▸ **Description of the task**:
Could you copy every record below exactly, leaving out the pictures?

▸ **Data records**:

════

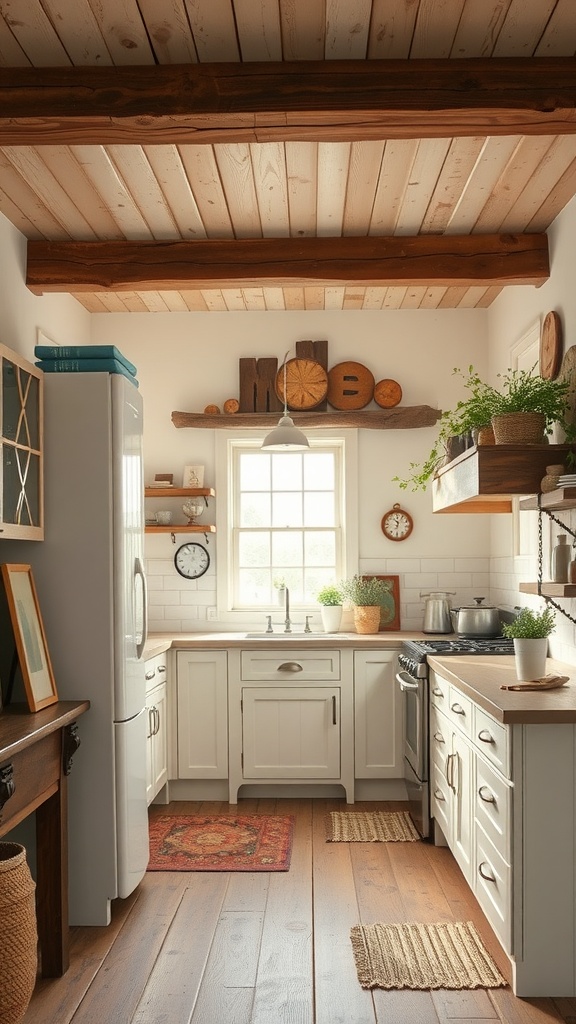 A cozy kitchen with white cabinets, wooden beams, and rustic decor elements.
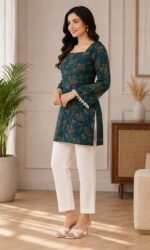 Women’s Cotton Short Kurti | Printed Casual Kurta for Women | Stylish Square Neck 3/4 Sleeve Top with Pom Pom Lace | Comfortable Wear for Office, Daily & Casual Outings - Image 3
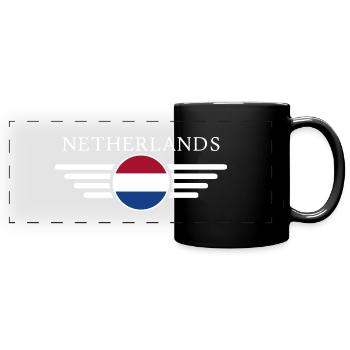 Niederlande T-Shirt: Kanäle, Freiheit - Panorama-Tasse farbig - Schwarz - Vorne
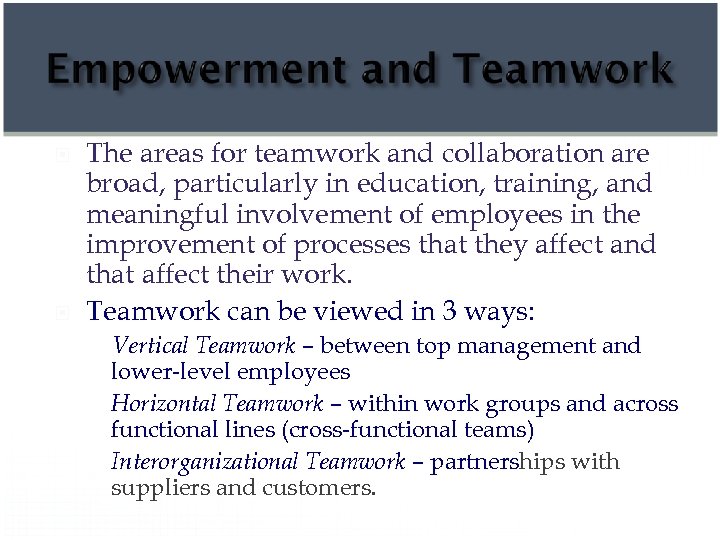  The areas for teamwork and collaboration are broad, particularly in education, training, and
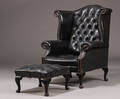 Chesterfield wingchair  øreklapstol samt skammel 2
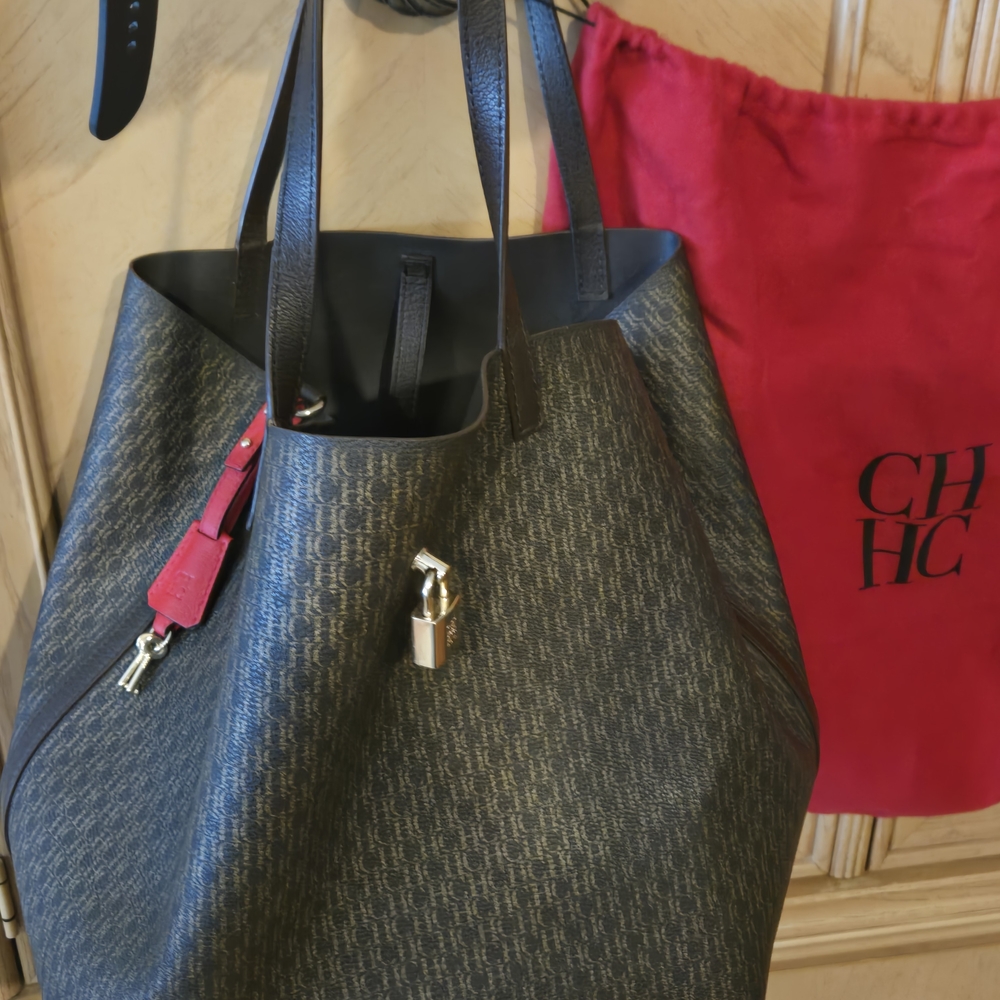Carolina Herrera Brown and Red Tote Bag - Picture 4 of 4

════

▸ **Answer space**:
 A cozy kitchen with white cabinets, wooden beams, and rustic decor elements.
 Women’s Cotton Short Kurti | Printed Casual Kurta for Women | Stylish Square Neck 3/4 Sleeve Top with Pom Pom Lace | Comfortable Wear for Office, Daily & Casual Outings - Image 3
 Niederlande T-Shirt: Kanäle, Freiheit - Panorama-Tasse farbig - Schwarz - Vorne
  The areas for teamwork and collaboration are broad, particularly in education, training, and
 Chesterfield wingchair  øreklapstol samt skammel 2
Carolina Herrera Brown and Red Tote Bag - Picture 4 of 4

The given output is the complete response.